Além disso, como dito anteriormente, se os estados não conferirem as informações, não há como avançar no chamado PRA (Programa de Regularização Ambiental). Seria nesse momento em que os responsáveis pelas propriedades que não estivessem em conformidade com o Código Florestal teriam que agir para se adequar à lei.

Em linhas gerais, desmatamentos anteriores a 22 de julho de 2008 foram anistiados pelo código. Qualquer supressão de vegetação posterior a isso necessariamente precisa ser autorizada pelos órgãos ambientais.

O Código Florestal determinou que as propriedades reservem uma área com vegetação nativa, a chamada reserva legal. Na Amazônia legal, em linhas gerais, a reserva precisa ocupar 80% da área de propriedades que se encontram em regiões de floresta, enquanto em outros biomas o índice cai para 20%. Na reserva podem ser feitas práticas de manejo sustentável.

Outro ponto regulamentado são as APPs (Áreas de Preservação Permanente), como margens de rios e lagos, e os morros, que também devem ser preservados com a vegetação natural.

Há outros mecanismos que, sem a validação das propriedades, acabam em situação difícil para execução. Um deles é um mercado de Cotas de Reserva Ambiental.

Em resumo, proprietários que tenham reservas legais maiores do que é exigido pela lei podem legalmente "transformar" esse pedaço a mais em cotas. Elas, então, podem ser virtualmente adquiridas para compensar imóveis rurais do mesmo bioma que tenham deficit de reserva.

Com a demora para implementação, de fato, do código, a sociedade e os setores produtivos também perdem na seara dos serviços sistêmicos, com falta de água e de polinizadores, entre outros, diz Raoni Rajão, professor da UFMG (Universidade Federal de Minas Gerais) e pesquisador no Wilson Center em Washington, EUA, que participou do projeto do Termômetro.

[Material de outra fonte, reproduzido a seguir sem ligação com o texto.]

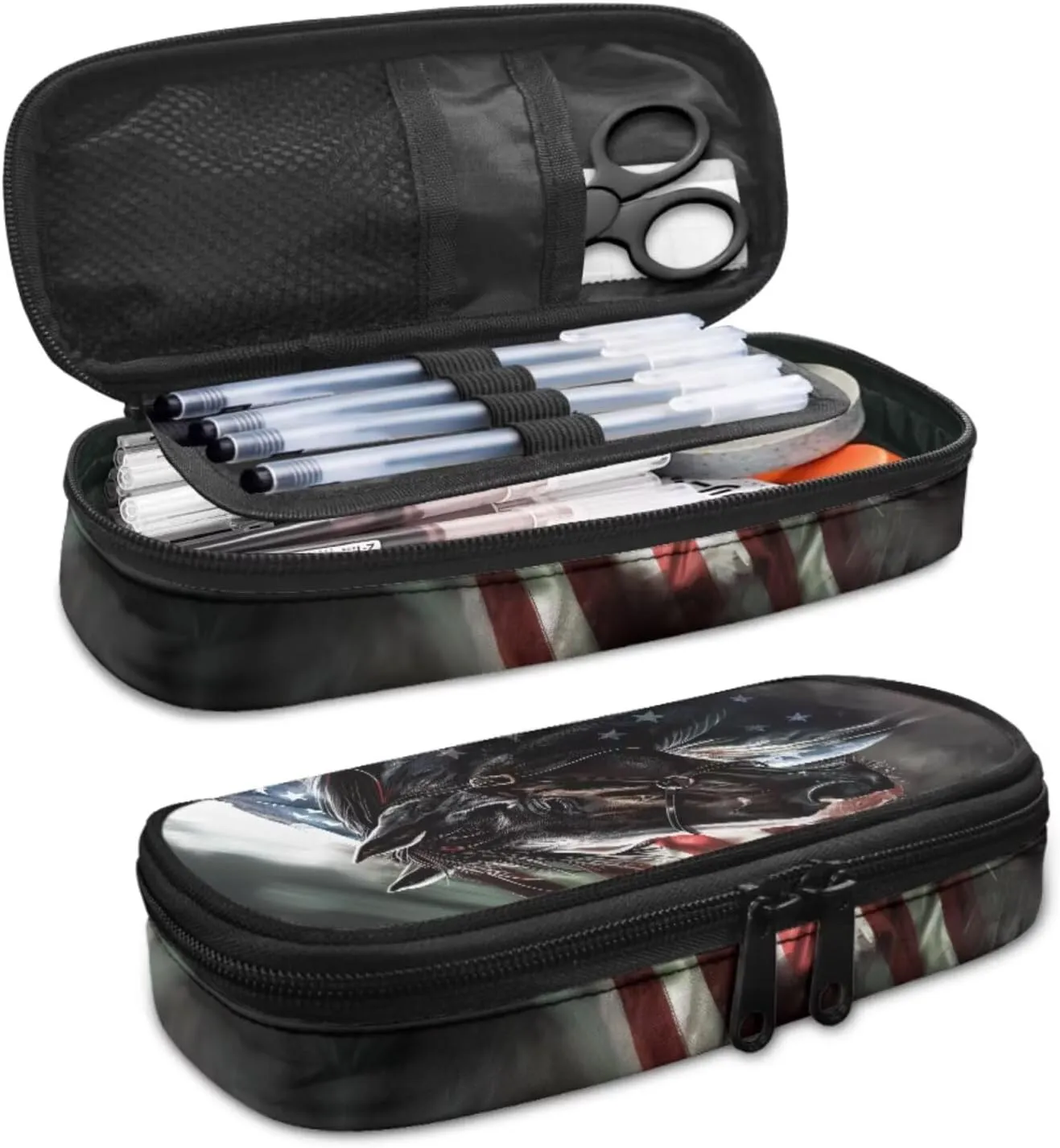 American Flag Horse Backpack for Boys Kids Backpack with Lunch Box and Big Pencil Case 3PCS Set Bookbag with Compartments for School Teens 17 inch Large Capacity School Bag with Side Pocket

"Precisamos enfatizar sempre que a implementação é uma reparação de infraestrutura verde essencial para vários setores da economia", afirma Rajão.

O pesquisador critica a falta de priorização dos governos para avanço do código, sem a destinação adequada de recursos e pessoal. Ao mesmo tempo, aponta o enorme esforço necessário para que as esferas estaduais avancem para além dos registros no CAR.

Rajão ainda destaca dificuldades mais conceituais relacionadas aos dispositivos do código. Uma delas é o fato de os proprietários terem que apresentar o desenho de suas propriedades —sendo necessária, normalmente, a contratação de pessoas para tal.

O pesquisador aponta como possível solução o projeto CAR 2.0, mecanismo desenvolvido na UFMG —a universidade tem dado apoio aos estados de Minas Gerais e Pará para implementação do sistema— para simplificar a validação dos registros.

O sistema criado pela instituição identifica e separa automaticamente os imóveis rurais que estão adequados ao Código Florestal, sem passivos ou sobreposições, e os que têm problemas como falta de reserva legal ou desrespeito a APPs.

"Foca nos que têm problemas. Focaliza o esforço onde você vai ter resultado ambiental", explica o pesquisador.

Durante a apresentação do Termômetro, Rajão ressaltou que os passivos de reserva legal e APP estão concentrados em poucos imóveis (cerca de 5%), normalmente em médias e grandes propriedades.

Rajão também destaca a questão da transparência na implementação do código. Ele cita imóveis que têm passivos, como desmatamentos, mas que continuam publicamente no sistema do CAR com o cadastro ativo, sem apontamento sobre a situação irregular —o que poderiam impedir financiamento em bancos, por exemplo.

"Enquanto não tiver consequência, é difícil que isso avance. E não tem como não ler essa falta de transparência como uma certa complacência", afirma.